> [Data shown]
▬▬▬▬▬▬

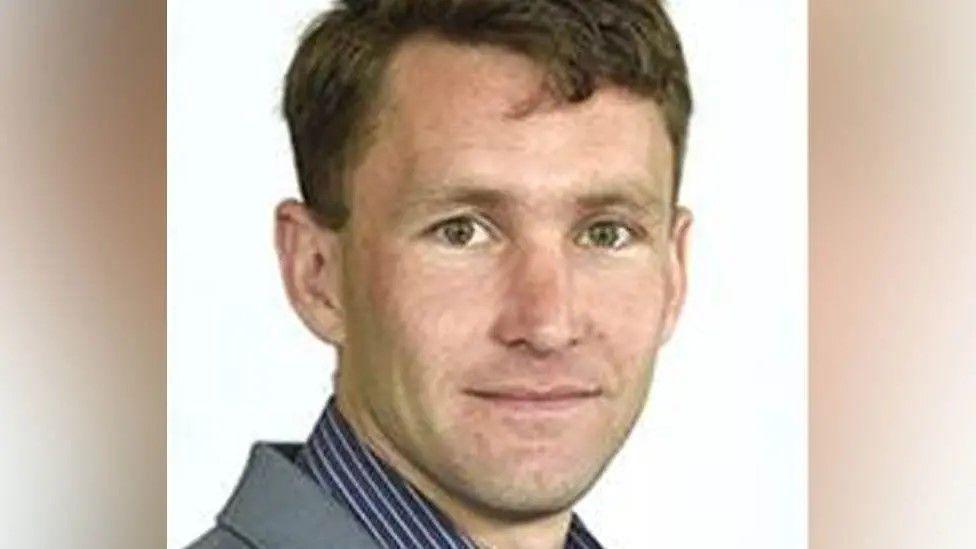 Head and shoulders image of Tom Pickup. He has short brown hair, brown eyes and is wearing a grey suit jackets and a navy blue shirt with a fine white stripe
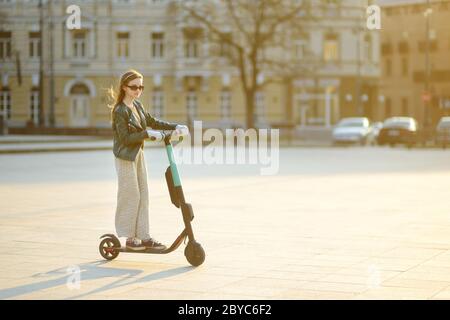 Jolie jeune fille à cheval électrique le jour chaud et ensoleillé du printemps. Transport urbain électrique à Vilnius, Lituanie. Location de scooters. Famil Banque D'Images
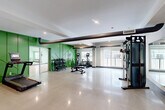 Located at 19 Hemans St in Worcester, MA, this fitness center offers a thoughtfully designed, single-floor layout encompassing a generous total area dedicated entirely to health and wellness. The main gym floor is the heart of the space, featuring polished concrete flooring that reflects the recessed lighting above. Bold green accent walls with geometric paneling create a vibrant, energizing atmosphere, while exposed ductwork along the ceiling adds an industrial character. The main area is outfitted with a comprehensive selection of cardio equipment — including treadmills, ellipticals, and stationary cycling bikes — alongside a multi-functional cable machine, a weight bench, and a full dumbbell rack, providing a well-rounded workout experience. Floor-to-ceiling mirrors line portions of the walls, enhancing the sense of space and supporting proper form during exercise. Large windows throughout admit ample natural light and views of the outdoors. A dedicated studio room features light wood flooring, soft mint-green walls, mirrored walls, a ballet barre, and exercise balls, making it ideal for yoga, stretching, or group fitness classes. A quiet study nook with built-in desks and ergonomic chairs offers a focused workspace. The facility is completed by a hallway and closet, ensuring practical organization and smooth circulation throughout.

▬▬▬▬▬▬

> [Task requirements] Return the material line for line, from its beginning to the line that contains "Jolie jeune fille", with the pictures left out.

> [Response to the task]
 Head and shoulders image of Tom Pickup. He has short brown hair, brown eyes and is wearing a grey suit jackets and a navy blue shirt with a fine white stripe
 Jolie jeune fille à cheval électrique le jour chaud et ensoleillé du printemps. Transport urbain électrique à Vilnius, Lituanie. Location de scooters. Famil Banque D'Images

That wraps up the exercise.